* [Given information]:
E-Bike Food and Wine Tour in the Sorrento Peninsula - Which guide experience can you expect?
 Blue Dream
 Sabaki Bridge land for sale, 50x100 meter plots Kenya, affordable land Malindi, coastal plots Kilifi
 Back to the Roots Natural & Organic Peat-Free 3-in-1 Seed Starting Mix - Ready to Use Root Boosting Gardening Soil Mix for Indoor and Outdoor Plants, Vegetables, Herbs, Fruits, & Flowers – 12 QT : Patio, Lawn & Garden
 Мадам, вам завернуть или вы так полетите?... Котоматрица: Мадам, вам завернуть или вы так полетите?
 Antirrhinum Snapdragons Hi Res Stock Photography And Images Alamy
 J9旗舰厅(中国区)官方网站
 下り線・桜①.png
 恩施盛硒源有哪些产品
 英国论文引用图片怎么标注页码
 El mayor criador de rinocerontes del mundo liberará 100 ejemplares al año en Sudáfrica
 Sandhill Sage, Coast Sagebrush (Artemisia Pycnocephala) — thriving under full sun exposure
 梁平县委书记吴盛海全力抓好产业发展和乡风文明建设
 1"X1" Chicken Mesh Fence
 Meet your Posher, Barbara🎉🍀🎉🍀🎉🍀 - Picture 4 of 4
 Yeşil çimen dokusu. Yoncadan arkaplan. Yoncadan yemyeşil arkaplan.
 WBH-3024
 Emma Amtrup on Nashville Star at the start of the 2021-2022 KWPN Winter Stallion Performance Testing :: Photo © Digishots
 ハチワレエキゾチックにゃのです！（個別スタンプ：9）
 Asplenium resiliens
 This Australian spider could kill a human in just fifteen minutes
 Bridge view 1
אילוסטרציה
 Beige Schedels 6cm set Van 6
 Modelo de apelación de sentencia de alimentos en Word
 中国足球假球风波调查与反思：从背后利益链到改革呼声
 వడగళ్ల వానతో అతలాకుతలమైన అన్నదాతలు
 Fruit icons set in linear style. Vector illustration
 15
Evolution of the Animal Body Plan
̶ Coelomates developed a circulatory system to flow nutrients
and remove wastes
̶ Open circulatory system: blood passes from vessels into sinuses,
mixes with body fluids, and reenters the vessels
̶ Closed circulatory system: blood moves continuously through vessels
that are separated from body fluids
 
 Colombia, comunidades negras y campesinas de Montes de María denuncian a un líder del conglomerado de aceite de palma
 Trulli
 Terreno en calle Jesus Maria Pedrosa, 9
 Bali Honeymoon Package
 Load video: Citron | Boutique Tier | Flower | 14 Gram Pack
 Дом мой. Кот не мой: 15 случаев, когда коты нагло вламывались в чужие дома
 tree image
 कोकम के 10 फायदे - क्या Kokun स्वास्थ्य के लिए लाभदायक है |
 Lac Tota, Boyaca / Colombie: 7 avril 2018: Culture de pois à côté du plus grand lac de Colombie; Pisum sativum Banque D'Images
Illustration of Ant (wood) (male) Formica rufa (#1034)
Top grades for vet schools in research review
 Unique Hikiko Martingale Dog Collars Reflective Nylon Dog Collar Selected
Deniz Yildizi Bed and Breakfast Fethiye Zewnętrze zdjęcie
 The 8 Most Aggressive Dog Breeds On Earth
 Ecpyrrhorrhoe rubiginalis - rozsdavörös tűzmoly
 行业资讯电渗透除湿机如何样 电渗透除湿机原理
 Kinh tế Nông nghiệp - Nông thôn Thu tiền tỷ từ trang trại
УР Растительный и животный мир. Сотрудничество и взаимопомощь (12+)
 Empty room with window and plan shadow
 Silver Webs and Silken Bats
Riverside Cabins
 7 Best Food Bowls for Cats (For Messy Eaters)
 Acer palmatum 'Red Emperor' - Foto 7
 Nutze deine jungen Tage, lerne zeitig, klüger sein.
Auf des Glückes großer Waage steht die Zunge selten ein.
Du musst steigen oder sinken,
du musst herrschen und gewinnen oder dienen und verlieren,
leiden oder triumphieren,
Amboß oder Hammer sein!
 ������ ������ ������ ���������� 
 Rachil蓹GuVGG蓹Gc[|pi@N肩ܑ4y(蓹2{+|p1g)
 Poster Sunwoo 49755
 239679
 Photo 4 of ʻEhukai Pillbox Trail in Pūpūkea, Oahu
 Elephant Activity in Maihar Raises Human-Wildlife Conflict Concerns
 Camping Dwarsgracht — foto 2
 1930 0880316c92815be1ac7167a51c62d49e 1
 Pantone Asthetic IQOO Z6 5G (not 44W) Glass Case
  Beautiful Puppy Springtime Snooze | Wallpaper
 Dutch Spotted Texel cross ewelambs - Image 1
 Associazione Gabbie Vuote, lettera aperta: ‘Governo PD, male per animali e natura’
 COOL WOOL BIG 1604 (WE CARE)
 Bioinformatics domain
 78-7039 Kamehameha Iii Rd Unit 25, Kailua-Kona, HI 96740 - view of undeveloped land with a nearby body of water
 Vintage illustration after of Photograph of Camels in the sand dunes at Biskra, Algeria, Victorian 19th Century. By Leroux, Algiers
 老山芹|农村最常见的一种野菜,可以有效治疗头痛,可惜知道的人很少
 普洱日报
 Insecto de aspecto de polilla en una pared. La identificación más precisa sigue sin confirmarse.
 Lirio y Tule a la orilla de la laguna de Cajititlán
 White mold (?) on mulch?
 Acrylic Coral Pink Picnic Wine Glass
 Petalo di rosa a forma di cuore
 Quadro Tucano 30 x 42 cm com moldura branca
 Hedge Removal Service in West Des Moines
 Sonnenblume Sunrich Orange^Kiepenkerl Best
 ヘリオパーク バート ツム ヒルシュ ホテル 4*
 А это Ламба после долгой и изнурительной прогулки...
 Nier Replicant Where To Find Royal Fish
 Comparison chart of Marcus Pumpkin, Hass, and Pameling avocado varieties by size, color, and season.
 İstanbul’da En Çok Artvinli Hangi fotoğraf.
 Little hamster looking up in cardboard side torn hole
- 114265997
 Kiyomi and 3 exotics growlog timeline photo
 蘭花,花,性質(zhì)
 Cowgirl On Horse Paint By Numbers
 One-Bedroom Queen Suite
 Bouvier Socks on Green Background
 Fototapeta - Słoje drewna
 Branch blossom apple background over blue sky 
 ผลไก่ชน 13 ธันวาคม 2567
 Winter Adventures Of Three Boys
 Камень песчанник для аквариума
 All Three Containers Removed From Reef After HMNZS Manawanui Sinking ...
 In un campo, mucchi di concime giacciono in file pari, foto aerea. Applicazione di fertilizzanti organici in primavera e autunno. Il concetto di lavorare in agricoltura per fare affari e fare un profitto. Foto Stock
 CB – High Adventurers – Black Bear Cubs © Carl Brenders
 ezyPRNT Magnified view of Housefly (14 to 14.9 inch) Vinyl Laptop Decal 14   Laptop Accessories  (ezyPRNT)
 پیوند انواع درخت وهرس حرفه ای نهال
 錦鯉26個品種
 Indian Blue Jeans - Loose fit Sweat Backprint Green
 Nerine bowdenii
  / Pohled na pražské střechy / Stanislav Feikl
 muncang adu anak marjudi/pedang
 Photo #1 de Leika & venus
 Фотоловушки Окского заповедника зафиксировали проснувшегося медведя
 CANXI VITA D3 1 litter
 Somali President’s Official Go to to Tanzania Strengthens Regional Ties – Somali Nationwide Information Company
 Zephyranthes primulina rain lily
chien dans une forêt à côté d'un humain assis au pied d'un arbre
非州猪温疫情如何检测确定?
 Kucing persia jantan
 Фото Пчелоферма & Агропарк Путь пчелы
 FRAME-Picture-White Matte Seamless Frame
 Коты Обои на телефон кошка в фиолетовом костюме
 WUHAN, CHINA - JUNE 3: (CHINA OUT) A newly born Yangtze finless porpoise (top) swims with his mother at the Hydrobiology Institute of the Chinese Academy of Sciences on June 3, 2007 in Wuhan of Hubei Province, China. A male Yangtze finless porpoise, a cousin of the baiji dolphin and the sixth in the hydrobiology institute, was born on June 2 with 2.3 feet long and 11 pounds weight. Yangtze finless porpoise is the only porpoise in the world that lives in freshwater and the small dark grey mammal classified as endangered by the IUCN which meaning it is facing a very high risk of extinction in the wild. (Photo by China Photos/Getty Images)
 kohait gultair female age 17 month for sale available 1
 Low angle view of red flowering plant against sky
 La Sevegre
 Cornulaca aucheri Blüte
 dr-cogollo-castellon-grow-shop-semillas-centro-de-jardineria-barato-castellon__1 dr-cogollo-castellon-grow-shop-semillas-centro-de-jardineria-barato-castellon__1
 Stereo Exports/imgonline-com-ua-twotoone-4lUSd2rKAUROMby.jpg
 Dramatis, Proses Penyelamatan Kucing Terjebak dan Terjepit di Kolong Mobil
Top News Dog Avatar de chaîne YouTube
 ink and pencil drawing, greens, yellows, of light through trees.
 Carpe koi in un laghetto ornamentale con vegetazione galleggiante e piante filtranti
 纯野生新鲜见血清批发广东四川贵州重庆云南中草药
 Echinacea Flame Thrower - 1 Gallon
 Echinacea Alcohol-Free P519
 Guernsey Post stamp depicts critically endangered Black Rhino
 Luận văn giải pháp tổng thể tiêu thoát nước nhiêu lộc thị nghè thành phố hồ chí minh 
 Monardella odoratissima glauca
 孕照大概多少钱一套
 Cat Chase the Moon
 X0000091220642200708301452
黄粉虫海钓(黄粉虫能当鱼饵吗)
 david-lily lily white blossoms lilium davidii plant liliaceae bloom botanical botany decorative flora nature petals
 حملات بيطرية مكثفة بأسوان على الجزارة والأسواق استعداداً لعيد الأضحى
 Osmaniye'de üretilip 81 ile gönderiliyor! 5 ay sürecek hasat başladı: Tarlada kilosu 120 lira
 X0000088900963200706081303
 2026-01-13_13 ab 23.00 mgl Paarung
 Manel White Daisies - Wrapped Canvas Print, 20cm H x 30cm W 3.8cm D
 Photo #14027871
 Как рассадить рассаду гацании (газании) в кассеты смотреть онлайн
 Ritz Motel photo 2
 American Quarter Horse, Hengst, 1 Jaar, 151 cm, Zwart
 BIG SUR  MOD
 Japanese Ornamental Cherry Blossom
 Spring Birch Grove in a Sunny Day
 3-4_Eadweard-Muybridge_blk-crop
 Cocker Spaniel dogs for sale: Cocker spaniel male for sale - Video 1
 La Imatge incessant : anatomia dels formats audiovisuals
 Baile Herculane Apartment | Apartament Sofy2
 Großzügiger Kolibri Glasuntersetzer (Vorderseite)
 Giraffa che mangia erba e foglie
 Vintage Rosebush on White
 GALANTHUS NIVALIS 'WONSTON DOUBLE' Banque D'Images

* [What needs to be done]:
Using the entries shown above, reproduce verbatim the lines from the line bearing "Unique Hikiko Martingale" to the line bearing "Amboß oder Hammer sein!", inclusive.

* [Task result]:
 Unique Hikiko Martingale Dog Collars Reflective Nylon Dog Collar Selected
Deniz Yildizi Bed and Breakfast Fethiye Zewnętrze zdjęcie
 The 8 Most Aggressive Dog Breeds On Earth
 Ecpyrrhorrhoe rubiginalis - rozsdavörös tűzmoly
 行业资讯电渗透除湿机如何样 电渗透除湿机原理
 Kinh tế Nông nghiệp - Nông thôn Thu tiền tỷ từ trang trại
УР Растительный и животный мир. Сотрудничество и взаимопомощь (12+)
 Empty room with window and plan shadow
 Silver Webs and Silken Bats
Riverside Cabins
 7 Best Food Bowls for Cats (For Messy Eaters)
 Acer palmatum 'Red Emperor' - Foto 7
 Nutze deine jungen Tage, lerne zeitig, klüger sein.
Auf des Glückes großer Waage steht die Zunge selten ein.
Du musst steigen oder sinken,
du musst herrschen und gewinnen oder dienen und verlieren,
leiden oder triumphieren,
Amboß oder Hammer sein!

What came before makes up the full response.